Even without a do-over with Thurman to keep his competitive juices flowing, Garcia has rekindled the inner fire that began with the spark of his first little trophy. He returned to action on Feb. 17 of this year when he stopped former WBA lightweight and WBO welterweight titlist Brandon” Bam Bam” Rios in nine rounds in Las Vegas, after which Porter entered the ring and challenged him to the fight that is about to take place this weekend. If Thurman is unavailable at the moment, Porter makes a dandy substitute. To knock out an opponent who never has been stopped would be an added bonus.

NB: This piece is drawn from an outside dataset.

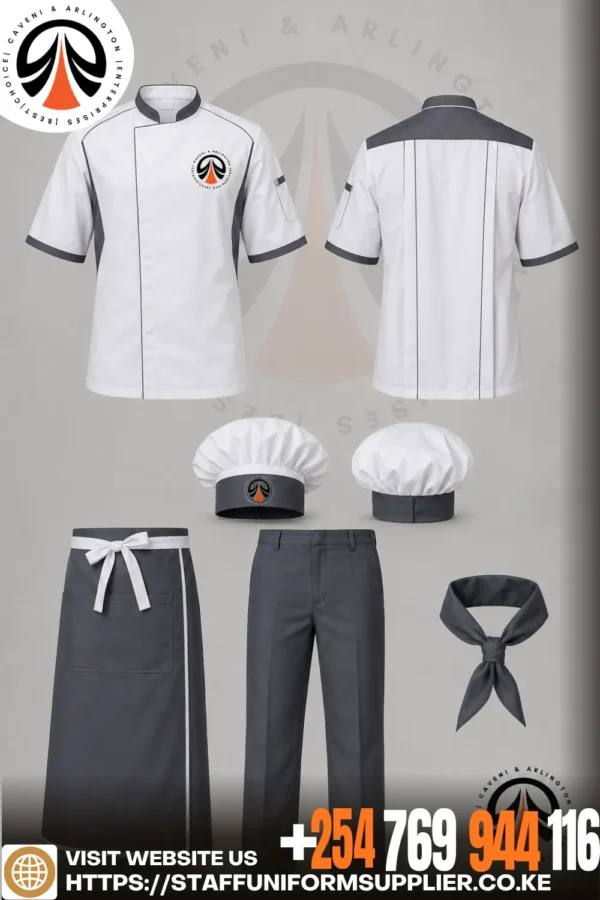 Culinary Brigade Uniform System Kenya Culinary Brigade Uniform System Kenya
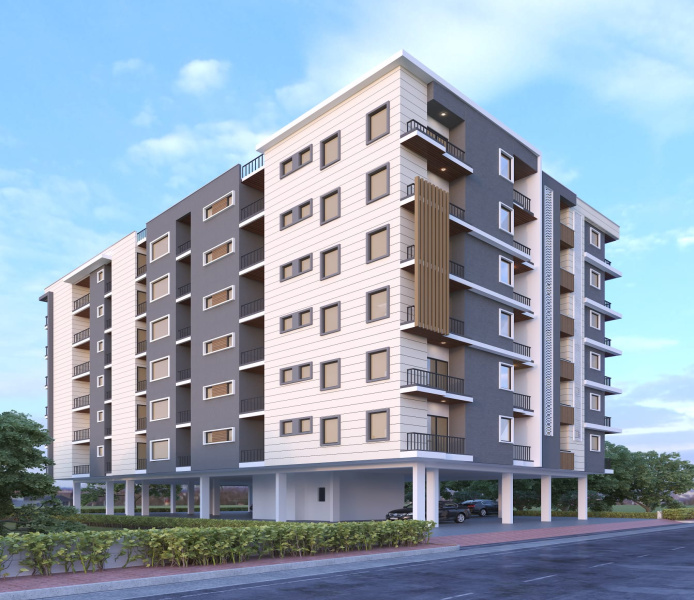 4 BHK Flats & Apartments for Sale in Gandhi Path, Jaipur (1698 Sq.ft.)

“You never want to leave anything in the hands of the judges,” Garcia said. “To go in there and stop (Porter), it would definitely feel great. I’ve stopped a lot of guys for the first time in their career. So (if I do it), it wouldn’t be the first time, and it won’t be the last.”

Interestingly, the specter of Thurman – who retained his WBA welterweight championship with a close but unanimous decision over Porter on June 25, 2016 – lingers over this pairing of his onetime victims like a low-hanging cloud. Asked for his thoughts on Garcia-Porter, Thurman opined that the slightly favored Garcia has the edge in power, defense and boxing ability, but he isn’t sure that’s enough in what he terms “one of the best matchups of the year.”

“I try not to overthink it,” Thurman said. “It’s Porter by decision or Garcia only by KO. I lean toward Porter.”

Little wonder that Garcia, in or out of pajamas, has been getting up early to put in the work necessary to reclaim what was once his. There is always another trophy to be won, another chance to announce himself to the world as someone special. When the guy in the other corner feels the same way, something remarkable tends to happen.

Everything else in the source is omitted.